§ Directions for this task:
Reproduce the records exactly, beginning with their first line and ending with the line that contains "Beekeeping Veil Hat", and output nothing more.

§ Data:
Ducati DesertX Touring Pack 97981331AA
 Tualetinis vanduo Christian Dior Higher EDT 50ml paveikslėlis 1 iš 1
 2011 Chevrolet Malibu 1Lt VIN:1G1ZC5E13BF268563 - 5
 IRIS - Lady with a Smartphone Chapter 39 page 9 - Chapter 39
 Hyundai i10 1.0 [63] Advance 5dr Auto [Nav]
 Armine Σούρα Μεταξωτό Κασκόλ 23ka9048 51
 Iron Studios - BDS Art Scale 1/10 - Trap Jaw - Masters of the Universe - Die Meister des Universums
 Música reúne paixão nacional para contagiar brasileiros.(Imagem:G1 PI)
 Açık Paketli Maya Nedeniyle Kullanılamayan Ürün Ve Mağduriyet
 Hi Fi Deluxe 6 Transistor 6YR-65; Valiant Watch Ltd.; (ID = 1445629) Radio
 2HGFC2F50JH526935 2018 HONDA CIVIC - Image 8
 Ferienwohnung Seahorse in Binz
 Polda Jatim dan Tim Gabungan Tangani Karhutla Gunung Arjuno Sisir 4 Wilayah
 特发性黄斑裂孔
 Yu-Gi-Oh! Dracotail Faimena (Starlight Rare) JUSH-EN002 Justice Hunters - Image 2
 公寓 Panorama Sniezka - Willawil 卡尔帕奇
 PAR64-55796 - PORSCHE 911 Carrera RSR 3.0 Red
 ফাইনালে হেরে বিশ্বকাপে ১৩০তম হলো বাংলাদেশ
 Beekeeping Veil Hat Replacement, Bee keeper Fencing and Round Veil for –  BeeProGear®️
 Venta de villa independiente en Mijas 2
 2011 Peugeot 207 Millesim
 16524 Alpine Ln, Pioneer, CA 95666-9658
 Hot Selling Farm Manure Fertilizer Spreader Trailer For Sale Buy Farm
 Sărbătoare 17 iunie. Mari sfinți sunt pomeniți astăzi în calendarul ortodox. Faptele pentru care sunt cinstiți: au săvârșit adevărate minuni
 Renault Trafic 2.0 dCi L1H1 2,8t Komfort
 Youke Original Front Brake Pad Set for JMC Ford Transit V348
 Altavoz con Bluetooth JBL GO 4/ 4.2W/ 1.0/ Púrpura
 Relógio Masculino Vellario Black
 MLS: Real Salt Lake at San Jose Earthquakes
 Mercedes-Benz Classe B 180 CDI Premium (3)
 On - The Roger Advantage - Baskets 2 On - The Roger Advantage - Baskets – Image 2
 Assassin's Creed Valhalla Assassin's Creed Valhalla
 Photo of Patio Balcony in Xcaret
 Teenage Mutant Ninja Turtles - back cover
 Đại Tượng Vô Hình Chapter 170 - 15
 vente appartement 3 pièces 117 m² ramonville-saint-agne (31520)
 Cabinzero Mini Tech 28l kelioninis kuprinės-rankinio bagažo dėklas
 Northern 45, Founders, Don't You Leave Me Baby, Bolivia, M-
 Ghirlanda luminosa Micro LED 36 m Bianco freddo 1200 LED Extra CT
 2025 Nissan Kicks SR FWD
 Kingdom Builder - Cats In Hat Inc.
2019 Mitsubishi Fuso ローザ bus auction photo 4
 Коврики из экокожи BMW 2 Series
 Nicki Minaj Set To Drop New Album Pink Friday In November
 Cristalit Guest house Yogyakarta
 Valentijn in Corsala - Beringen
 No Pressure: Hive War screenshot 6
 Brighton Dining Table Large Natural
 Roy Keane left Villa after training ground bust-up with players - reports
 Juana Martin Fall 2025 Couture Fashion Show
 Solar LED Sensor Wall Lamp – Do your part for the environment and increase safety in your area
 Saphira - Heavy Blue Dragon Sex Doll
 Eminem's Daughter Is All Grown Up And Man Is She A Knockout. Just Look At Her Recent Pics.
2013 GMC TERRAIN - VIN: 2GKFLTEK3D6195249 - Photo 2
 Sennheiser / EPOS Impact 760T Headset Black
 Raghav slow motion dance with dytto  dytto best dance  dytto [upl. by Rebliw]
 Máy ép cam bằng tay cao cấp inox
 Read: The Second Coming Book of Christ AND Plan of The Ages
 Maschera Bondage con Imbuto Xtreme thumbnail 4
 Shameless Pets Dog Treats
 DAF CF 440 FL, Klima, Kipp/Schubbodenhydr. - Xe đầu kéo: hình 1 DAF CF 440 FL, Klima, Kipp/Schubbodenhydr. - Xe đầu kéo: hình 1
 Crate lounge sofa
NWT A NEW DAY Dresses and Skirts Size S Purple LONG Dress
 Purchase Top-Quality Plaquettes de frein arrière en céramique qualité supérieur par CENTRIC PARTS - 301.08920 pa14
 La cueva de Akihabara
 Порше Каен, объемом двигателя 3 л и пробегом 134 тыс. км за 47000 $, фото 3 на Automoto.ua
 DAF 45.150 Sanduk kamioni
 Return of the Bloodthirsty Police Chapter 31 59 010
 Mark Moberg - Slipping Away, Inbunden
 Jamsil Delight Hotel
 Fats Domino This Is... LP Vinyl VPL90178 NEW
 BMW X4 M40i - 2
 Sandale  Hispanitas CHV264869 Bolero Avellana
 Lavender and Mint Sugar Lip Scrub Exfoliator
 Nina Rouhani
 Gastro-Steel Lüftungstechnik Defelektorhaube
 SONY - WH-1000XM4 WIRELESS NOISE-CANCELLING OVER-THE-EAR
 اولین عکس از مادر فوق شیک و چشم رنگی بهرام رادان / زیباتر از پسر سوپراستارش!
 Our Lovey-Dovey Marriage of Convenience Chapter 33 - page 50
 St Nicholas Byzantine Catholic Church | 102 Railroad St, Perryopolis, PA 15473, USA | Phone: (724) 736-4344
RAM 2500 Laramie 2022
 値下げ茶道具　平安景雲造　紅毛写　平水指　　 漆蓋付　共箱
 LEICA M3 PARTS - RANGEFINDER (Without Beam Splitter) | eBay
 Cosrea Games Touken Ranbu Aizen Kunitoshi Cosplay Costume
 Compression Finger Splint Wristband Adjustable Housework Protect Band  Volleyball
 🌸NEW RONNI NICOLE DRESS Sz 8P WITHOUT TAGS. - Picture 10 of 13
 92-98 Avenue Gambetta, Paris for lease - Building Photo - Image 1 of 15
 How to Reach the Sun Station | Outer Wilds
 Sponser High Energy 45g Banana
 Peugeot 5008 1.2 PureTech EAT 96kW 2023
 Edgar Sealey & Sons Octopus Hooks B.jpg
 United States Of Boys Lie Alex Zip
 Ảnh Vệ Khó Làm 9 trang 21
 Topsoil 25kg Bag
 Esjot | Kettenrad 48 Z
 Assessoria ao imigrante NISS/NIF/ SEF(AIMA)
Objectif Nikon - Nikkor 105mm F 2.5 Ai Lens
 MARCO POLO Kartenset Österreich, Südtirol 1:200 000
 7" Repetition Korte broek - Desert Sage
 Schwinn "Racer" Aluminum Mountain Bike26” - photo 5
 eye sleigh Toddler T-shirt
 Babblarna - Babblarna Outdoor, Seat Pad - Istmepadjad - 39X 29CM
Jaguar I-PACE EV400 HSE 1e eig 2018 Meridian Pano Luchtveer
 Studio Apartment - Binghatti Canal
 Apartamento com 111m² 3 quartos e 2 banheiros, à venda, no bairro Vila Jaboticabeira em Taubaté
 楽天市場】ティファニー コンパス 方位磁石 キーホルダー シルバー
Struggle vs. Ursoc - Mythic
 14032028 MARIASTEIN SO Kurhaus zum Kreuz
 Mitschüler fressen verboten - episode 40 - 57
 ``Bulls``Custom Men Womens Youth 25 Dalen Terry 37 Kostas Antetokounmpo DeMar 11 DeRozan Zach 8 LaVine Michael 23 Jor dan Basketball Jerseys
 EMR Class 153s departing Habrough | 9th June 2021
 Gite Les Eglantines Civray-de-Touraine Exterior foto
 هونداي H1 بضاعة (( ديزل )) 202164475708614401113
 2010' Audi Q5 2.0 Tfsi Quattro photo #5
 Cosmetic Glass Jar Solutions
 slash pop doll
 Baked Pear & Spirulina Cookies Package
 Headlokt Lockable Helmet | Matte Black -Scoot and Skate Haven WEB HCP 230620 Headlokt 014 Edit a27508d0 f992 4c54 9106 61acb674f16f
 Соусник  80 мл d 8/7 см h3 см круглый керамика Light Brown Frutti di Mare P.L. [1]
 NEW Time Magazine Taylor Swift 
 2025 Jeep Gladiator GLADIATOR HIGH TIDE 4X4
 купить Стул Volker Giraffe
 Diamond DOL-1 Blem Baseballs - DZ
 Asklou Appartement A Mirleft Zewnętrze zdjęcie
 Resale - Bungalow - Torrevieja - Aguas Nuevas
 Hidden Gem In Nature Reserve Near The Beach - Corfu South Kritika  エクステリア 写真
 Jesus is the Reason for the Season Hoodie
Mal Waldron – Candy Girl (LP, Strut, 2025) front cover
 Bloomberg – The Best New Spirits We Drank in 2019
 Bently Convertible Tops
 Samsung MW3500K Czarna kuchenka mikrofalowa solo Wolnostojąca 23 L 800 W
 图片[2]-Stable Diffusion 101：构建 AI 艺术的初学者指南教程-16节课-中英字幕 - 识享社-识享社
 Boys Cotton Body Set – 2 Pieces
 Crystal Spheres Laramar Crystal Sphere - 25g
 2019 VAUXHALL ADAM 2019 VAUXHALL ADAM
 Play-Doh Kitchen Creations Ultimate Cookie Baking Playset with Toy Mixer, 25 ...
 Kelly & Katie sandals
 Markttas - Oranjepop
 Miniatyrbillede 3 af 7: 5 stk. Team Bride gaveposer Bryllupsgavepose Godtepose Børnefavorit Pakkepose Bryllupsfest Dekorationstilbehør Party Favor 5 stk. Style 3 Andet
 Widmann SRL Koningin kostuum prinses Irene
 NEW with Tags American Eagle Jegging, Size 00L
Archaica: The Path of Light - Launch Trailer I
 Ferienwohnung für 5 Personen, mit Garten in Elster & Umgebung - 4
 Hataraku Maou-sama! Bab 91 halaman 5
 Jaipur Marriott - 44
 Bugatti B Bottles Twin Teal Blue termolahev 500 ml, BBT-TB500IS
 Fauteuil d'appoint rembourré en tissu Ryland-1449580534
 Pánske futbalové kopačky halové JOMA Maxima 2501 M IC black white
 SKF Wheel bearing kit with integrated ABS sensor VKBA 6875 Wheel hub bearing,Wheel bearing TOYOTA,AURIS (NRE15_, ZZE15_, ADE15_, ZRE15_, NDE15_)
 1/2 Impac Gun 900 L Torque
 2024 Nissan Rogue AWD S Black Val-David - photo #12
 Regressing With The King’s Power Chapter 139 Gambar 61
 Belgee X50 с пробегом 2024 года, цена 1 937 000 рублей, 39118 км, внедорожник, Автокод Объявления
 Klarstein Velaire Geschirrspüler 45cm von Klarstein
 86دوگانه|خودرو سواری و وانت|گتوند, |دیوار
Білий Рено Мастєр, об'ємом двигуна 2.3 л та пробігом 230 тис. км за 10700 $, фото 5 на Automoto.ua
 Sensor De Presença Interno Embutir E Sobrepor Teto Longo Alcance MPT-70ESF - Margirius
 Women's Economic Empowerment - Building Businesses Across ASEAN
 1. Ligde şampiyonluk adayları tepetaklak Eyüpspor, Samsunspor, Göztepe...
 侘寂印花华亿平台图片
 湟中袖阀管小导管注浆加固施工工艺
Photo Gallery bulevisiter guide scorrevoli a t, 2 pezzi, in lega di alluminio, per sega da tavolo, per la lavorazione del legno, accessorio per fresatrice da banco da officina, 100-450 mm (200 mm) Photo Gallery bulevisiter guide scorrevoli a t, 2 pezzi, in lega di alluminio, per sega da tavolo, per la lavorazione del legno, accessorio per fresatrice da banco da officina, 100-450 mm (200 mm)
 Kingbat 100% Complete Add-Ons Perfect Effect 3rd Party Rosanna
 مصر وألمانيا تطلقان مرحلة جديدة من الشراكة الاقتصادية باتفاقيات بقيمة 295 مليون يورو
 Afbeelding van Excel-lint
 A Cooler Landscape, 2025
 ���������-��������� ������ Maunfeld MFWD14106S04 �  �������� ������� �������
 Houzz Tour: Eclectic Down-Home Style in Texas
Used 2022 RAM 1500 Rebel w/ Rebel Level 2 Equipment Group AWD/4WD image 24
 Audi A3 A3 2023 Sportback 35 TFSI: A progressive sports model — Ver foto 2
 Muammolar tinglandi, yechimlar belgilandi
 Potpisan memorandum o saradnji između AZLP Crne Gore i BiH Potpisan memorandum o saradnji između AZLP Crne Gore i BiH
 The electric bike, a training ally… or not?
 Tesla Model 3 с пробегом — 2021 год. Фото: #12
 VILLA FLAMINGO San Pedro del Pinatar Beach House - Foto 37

§ Expected answer:
Ducati DesertX Touring Pack 97981331AA
 Tualetinis vanduo Christian Dior Higher EDT 50ml paveikslėlis 1 iš 1
 2011 Chevrolet Malibu 1Lt VIN:1G1ZC5E13BF268563 - 5
 IRIS - Lady with a Smartphone Chapter 39 page 9 - Chapter 39
 Hyundai i10 1.0 [63] Advance 5dr Auto [Nav]
 Armine Σούρα Μεταξωτό Κασκόλ 23ka9048 51
 Iron Studios - BDS Art Scale 1/10 - Trap Jaw - Masters of the Universe - Die Meister des Universums
 Música reúne paixão nacional para contagiar brasileiros.(Imagem:G1 PI)
 Açık Paketli Maya Nedeniyle Kullanılamayan Ürün Ve Mağduriyet
 Hi Fi Deluxe 6 Transistor 6YR-65; Valiant Watch Ltd.; (ID = 1445629) Radio
 2HGFC2F50JH526935 2018 HONDA CIVIC - Image 8
 Ferienwohnung Seahorse in Binz
 Polda Jatim dan Tim Gabungan Tangani Karhutla Gunung Arjuno Sisir 4 Wilayah
 特发性黄斑裂孔
 Yu-Gi-Oh! Dracotail Faimena (Starlight Rare) JUSH-EN002 Justice Hunters - Image 2
 公寓 Panorama Sniezka - Willawil 卡尔帕奇
 PAR64-55796 - PORSCHE 911 Carrera RSR 3.0 Red
 ফাইনালে হেরে বিশ্বকাপে ১৩০তম হলো বাংলাদেশ
 Beekeeping Veil Hat Replacement, Bee keeper Fencing and Round Veil for –  BeeProGear®️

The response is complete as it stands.